11 hours ago
- Politics
- Powys County Times
Letter: Prime Minister has misled voters since his election
All politicians stretch the truth, but few do it with the frequency and shamelessness of Keir Starmer.
He came to power promising 'honesty and integrity', a pledge that may turn out to be his most misleading of all.
From the moment he ran for Labour leader, Starmer misled the public.
He pledged to uphold Jeremy Corbyn's policies, abolishing tuition fees, lifting the two-child benefit cap, and nationalising key services.

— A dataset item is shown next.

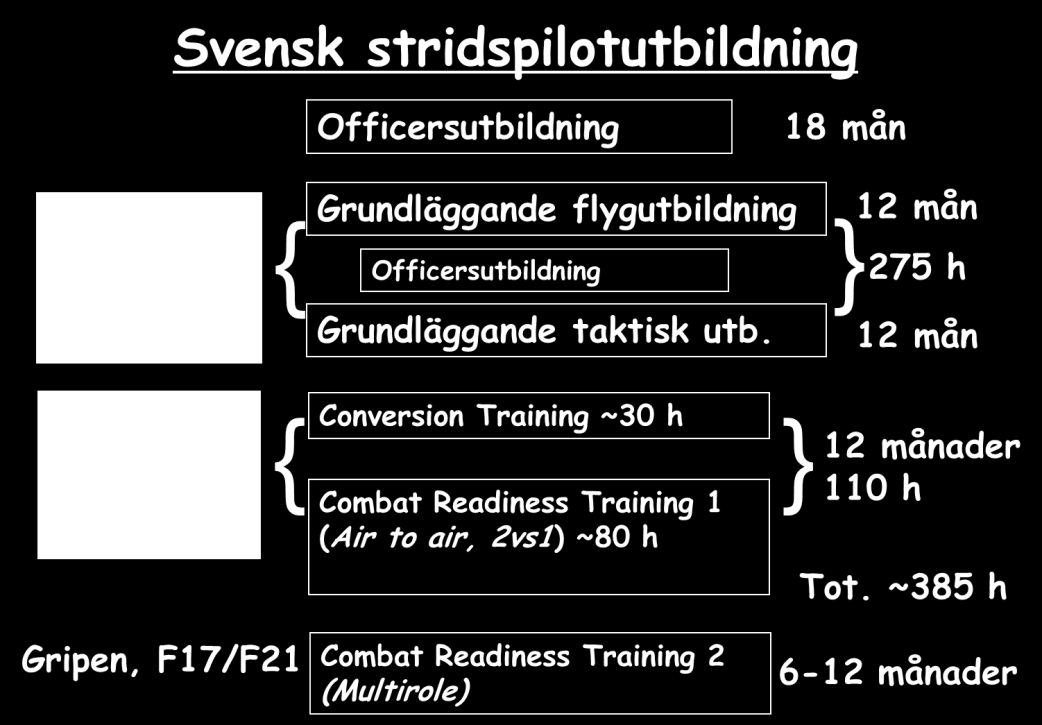 Figur 4. Försvarsmaktens sammanställning över utbildningen till stridspilot. Det har genomförts andra förändringar i flygutbildningen under de senaste åren.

All were swiftly abandoned once he secured the leadership. It seems this has worked for him, so he's made it a habit.
During the election campaign, Starmer gave the impression that Winter Fuel Payments and a cap on social care costs would be safe.
Both have now been dropped.
He said taxes wouldn't rise for working people, yet his Budget hits them through higher prices and lower wages, thanks to a £25 billion national insurance hike.
He promised swift compensation for 1950s-born Waspi women. That too has vanished.
Farmers were told they'd get certainty, instead, they've been hit with new inheritance taxes. Even his touted EU deal lacks detail, with vague claims and no transparency about what the UK is giving up, including 12 more years of access to British fishing waters.
As the Institute for Fiscal Studies noted, the £22 billion black hole in Labour's Budget 'was obvious to anyone who dared to look.' But Starmer and his Chancellor pretended not to see it.
Voters aren't fooled. When leaders routinely tell us things we know aren't true, and do so with utter confidence, it's not just dishonest, it's corrosive.
Britain deserves better than this calculated deceit.